This week has been both awesome and terrible.

Last Friday, Jenn and I decided to get some skating practice at the tennis courts near her house. It was a rare sunny day, so we got to practice drills without the interference of a bunch of kids around. Granted, we’re not technically allowed to skate on the tennis courts, but hopefully the neighbors won’t mind.

The next day, we celebrated my birthday with a bunch of friends by going to watch the DC Rollergirls bout. I’ve finally started understanding the rules and recognizing some of the techniques the skaters are using, which makes watching the bouts a lot more fun. However, I can now differentiate between the few skills I recognize and can do and … well, everything else. Let’s just say derby looked a lot easier when I didn’t know anything about it.


I’m even more motivated to practice than I was at the start, but I somehow managed to tweak my back pretty badly this week. Between shoveling snow, sleeping on an old mattress and teaching four yoga classes on Monday, it hasn’t gotten better. Now, I’m sitting at home in so much pain folding laundry is nearly impossible, which means skating tonight is probably out of the question.

To make matters worse, I discovered the next Charm School is on the same date and time as a presentation I promised to give two months ago. Even though Charm School is only two hours, that time practicing with the big kids is pretty important. The feedback they give is so much more helpful than just skating around on my own. Seeing them do the stops and drills and mimicking their form (a lot like how I learned yoga at the very beginning) really helped me gain some confidence on my skates. With this being the only remaining Charm School between now and tryouts on March 1, I’m pretty gutted about missing it, but obviously I need to keep the commitment I made.

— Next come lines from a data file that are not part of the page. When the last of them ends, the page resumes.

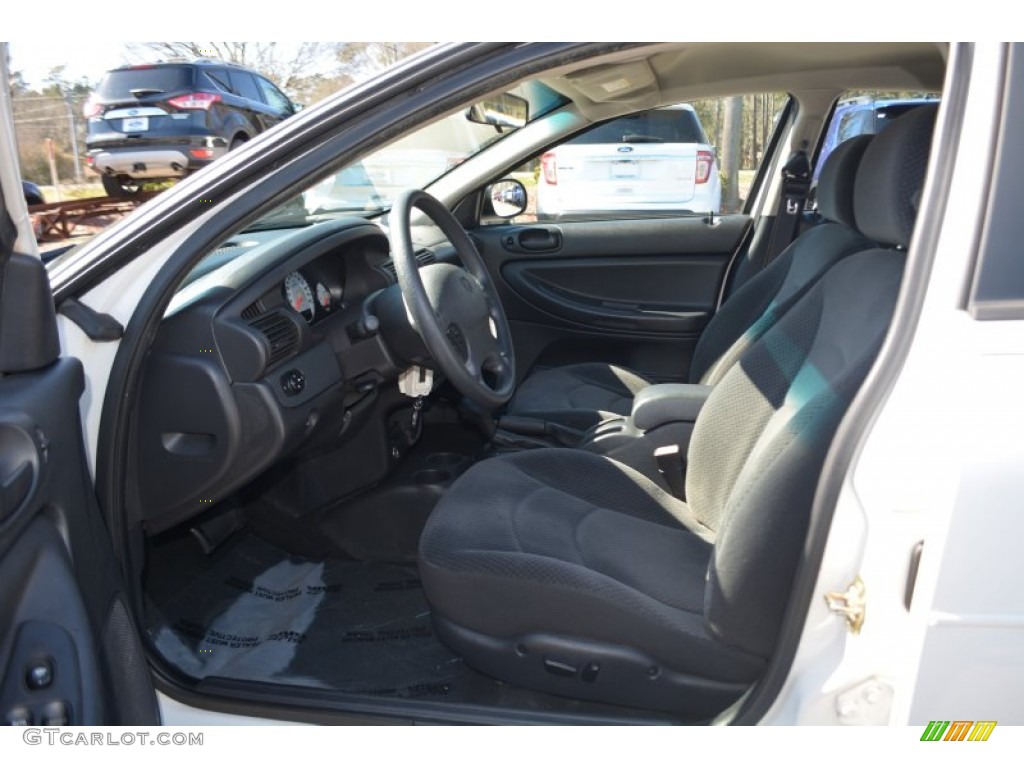 2004 Stratus SE Sedan - Stone White / Dark Slate Gray photo #14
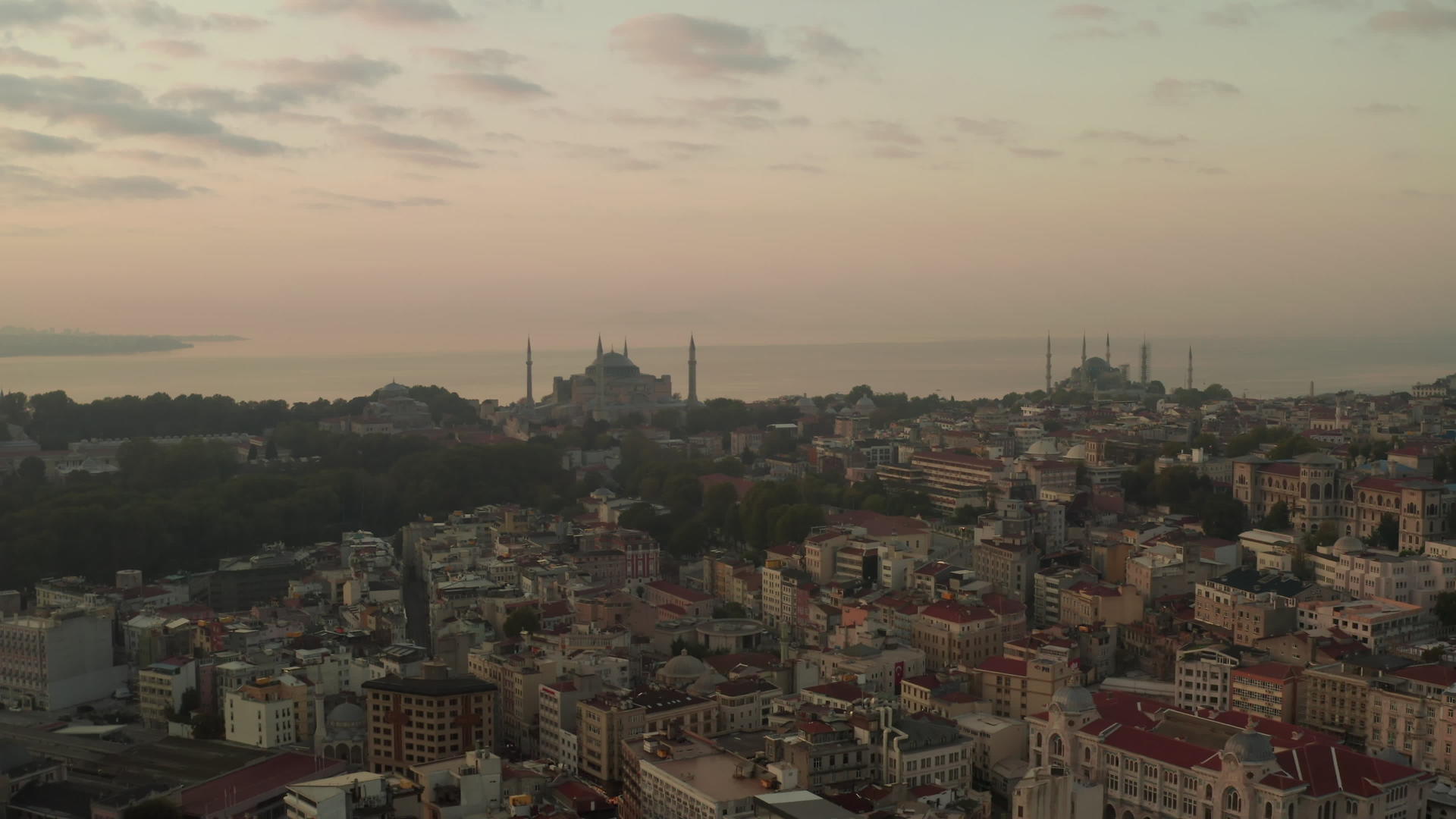 伊斯坦布尔Hazy日出山上的两座清真寺在空中视频的预览图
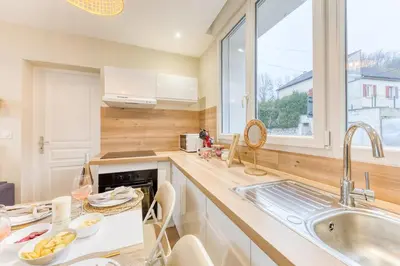 Cuisine ou kitchenette dans l'établissement Appartement 4 personnes jardin cine jeux compiegne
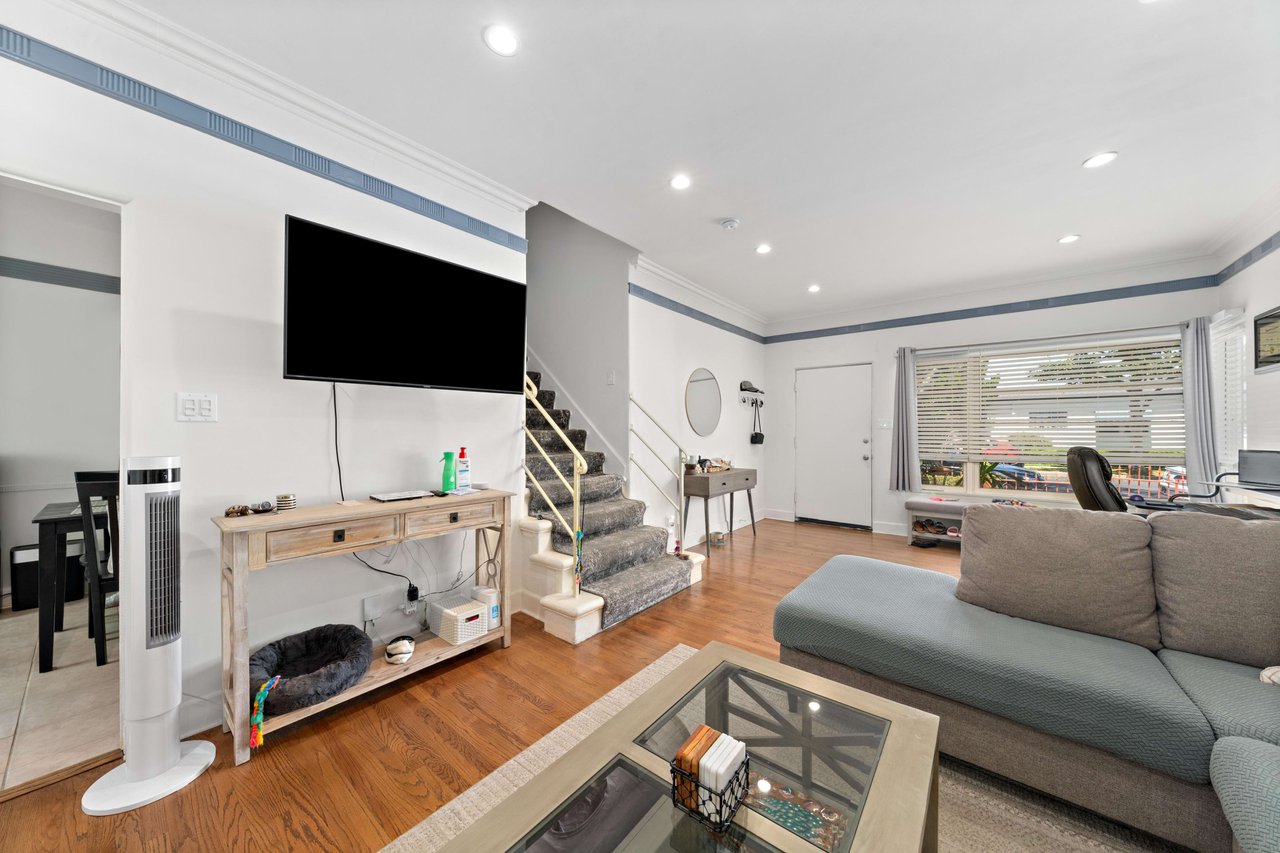 6120 Packard Street, South Carthay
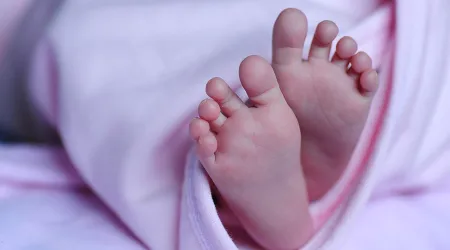 Ministra de Sanidad quiere que menores puedan abortar sin consentimiento de sus padres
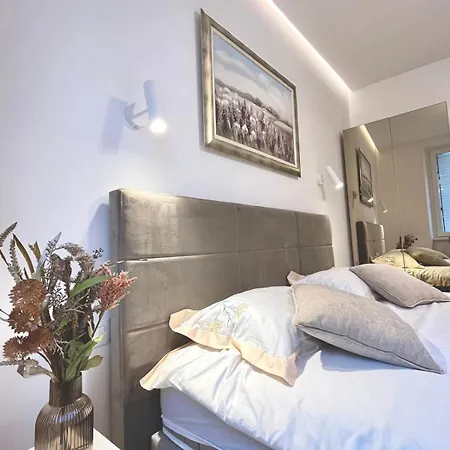 Old Town Bolero Luxury Apartment *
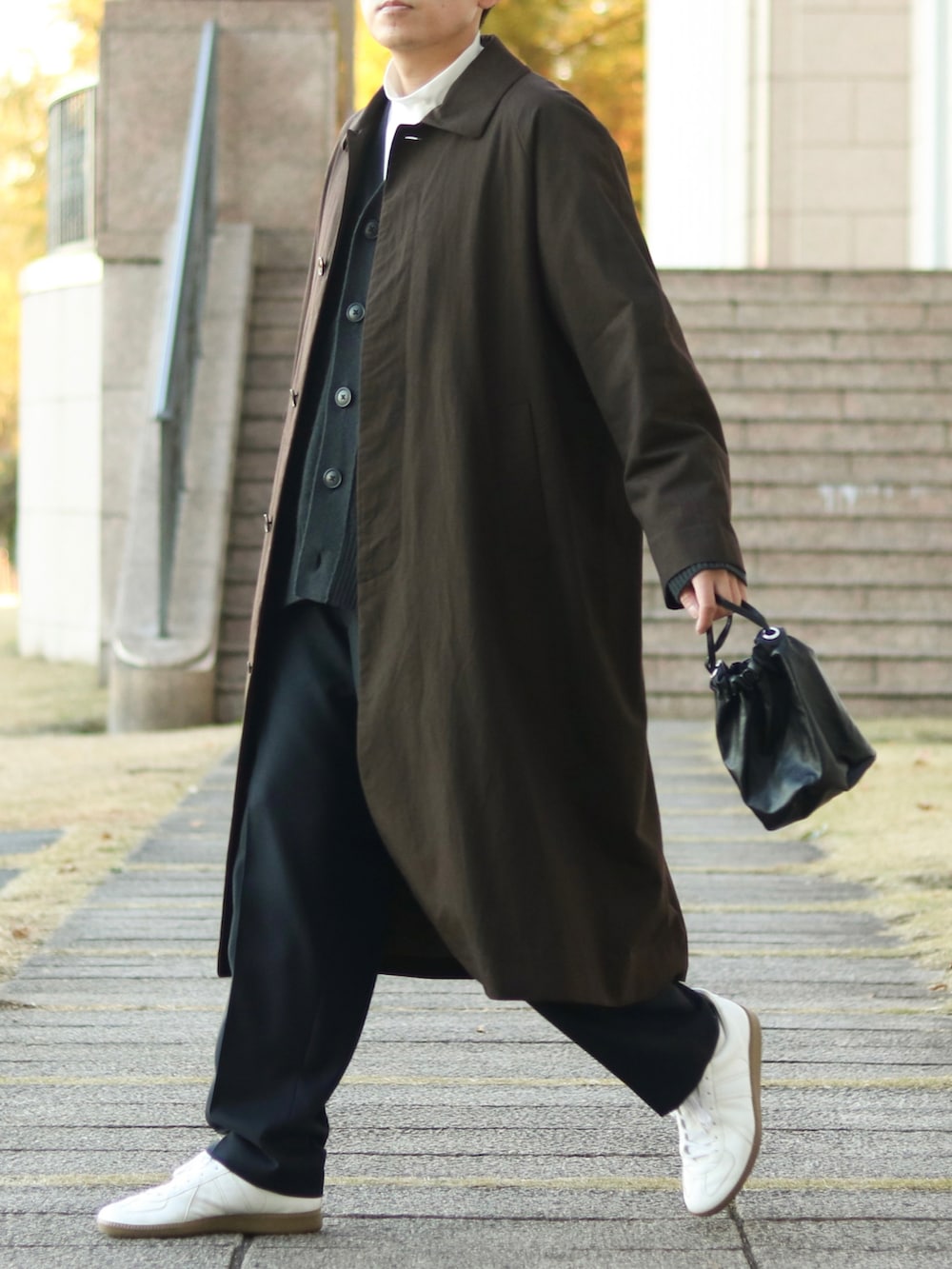 「クリスマスに着たい服、秋冬コーデ、大人コーデ、オトナカジュアル、ロングコート、ブラウンコート、モックネック、カーディガン、スラックス、白スニーカー」｜「YAECAのアイテム（ステンカラーコート、ブラウン系）」を使った、howellさん（メンズ・175cm）の冬コーディネートの2枚目の写真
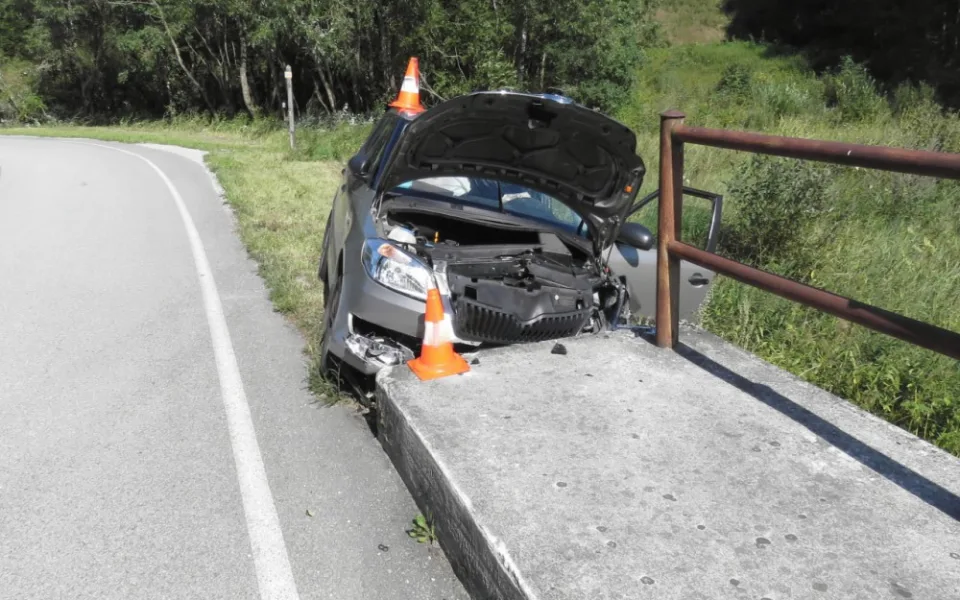 Havarovaný vůz Škoda Fabia.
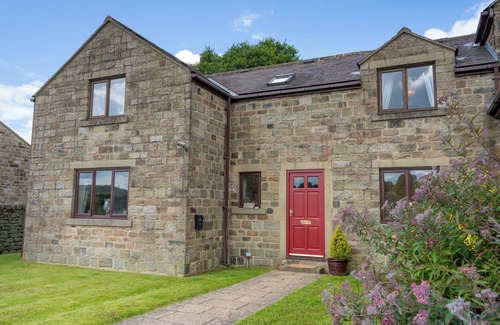 Tansley Cottage | Beautiful, Large Cottage, village location in The heart of the Derbyshire Dales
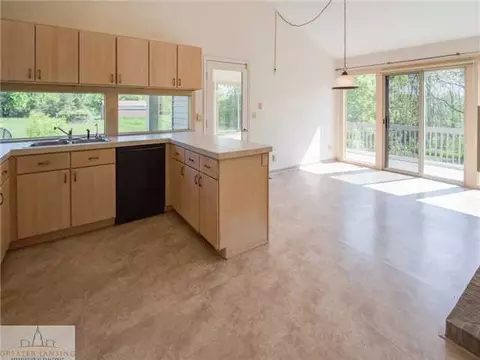 12605 S Francis Rd, Dewitt, MI 48820 photo 5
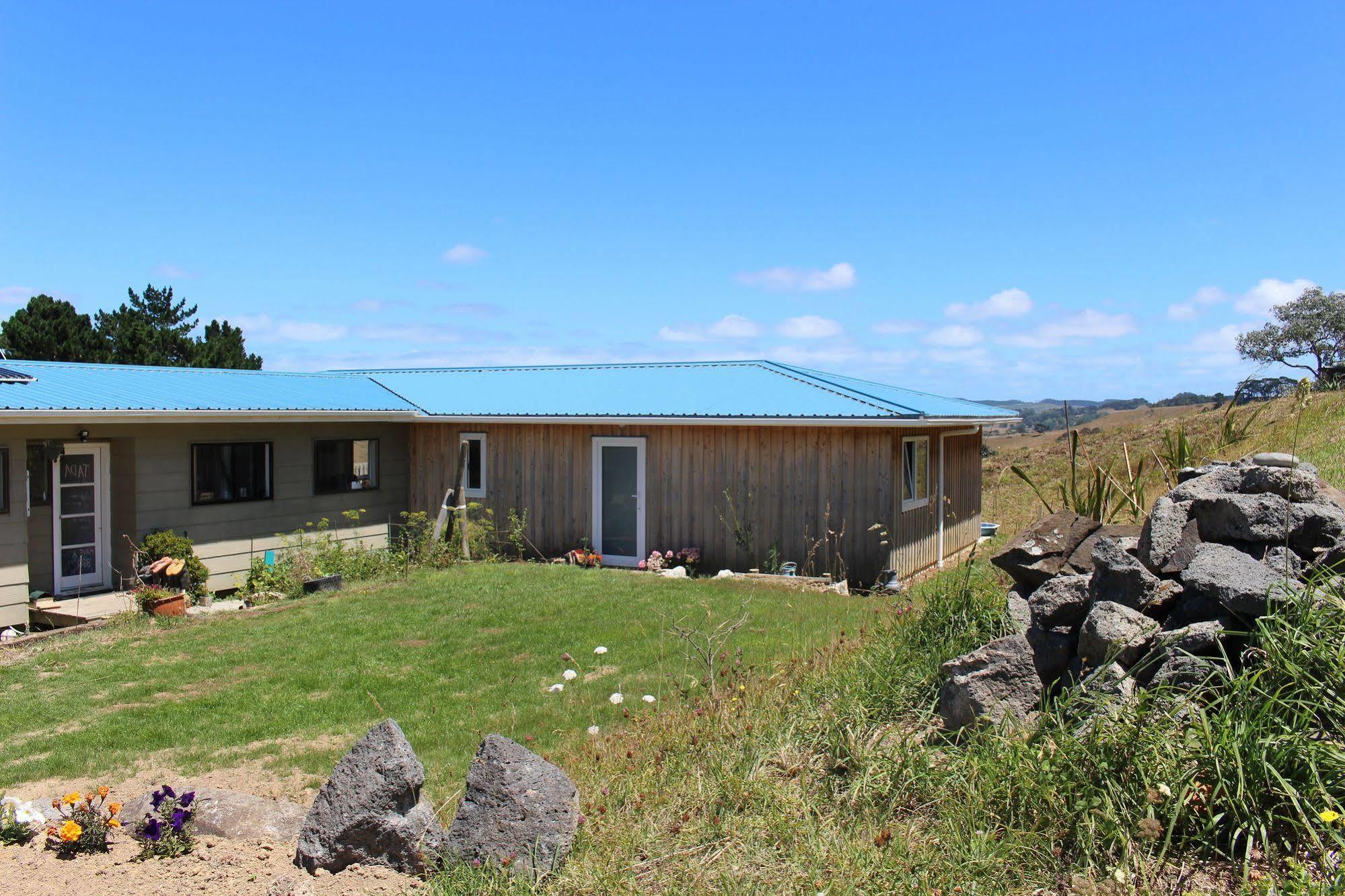 Pukeatua Farmstay Waimauku Exteriör bild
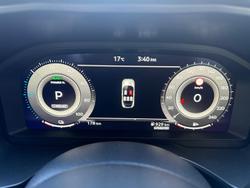 2024 Nissan QASHQAI N-DESIGN e-POWER J12 MY25 Ceramic Grey with Onyx Black Roof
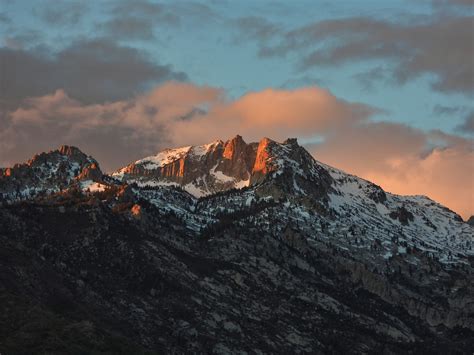 Lone Peak 5-24-2020 | Lone Peak (11,253 ft) at sunset on 5-2 ...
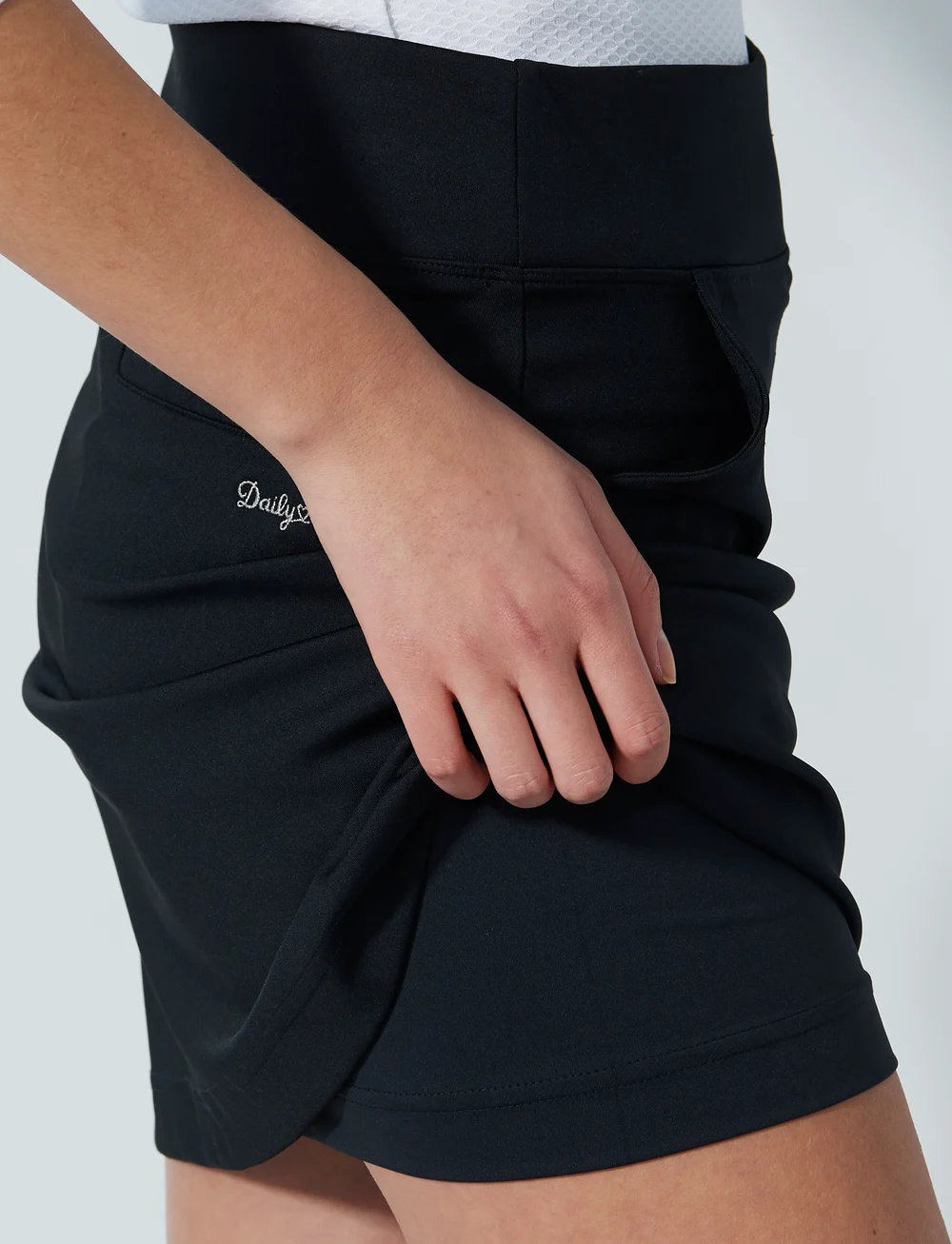 Daily Sports - Genua Skort 45 cm - golf shorts - black - 4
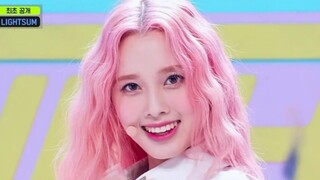 فرقة الفتيات الجديدة من CUBE، LIGHTSUM، "ALIVE"، العرض الأول على المسرح في MCD بتاريخ 26-05-2022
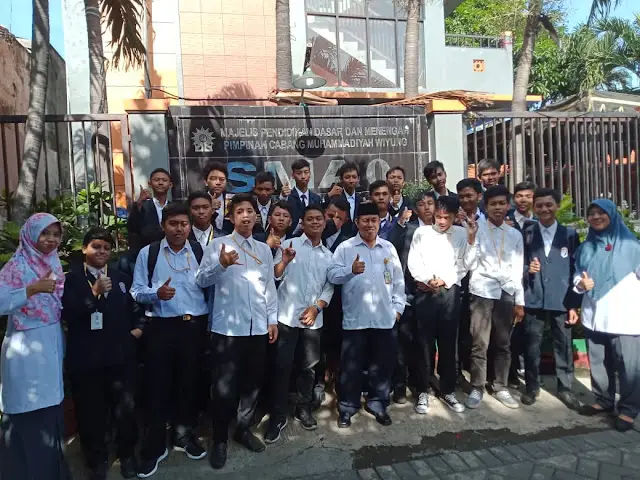Anak Kelas XI SMA Muse Liburan Dengan Kegiatan OJT 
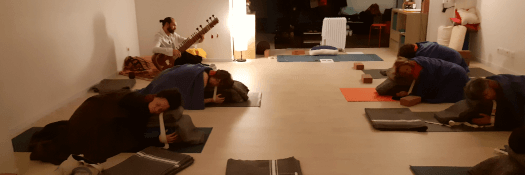 Yoga restorative accompagné au sitar 2020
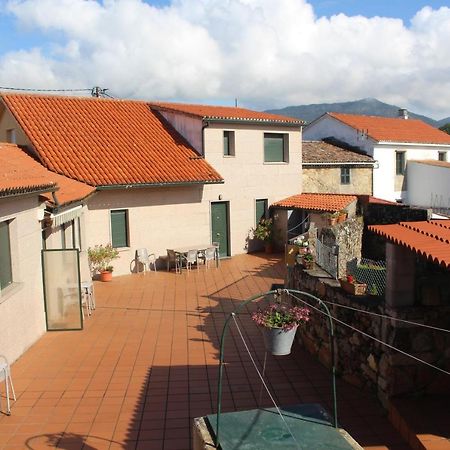 Apartamentos Outeiro Побра до Караминял Екстериор снимка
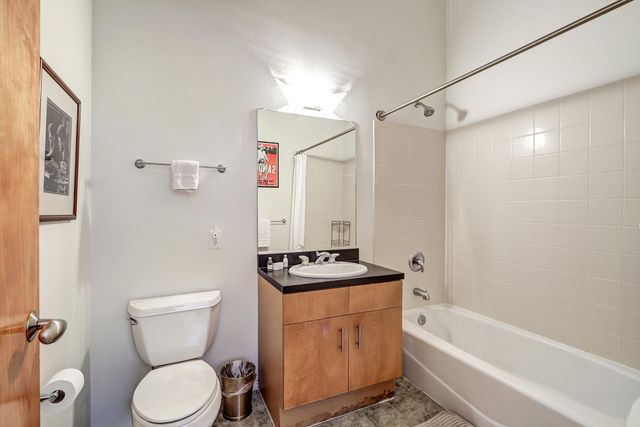400 Copper Avenue NE APT 101, Albuquerque, NM 87102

BUT THERE’S HOPE! Turns out the DC Rollergirls are starting their rec league, soon, which involves a series of class/practices that seem like a good place to learn. So the executive decision for this week is to stay home, take some Ibuprofen, plan my presentation, and commit to participating in the DC events in February. Now, if you’ll excuse me, I’m going to watch cartoons in an attempt to stop feeling pain for the next several hours.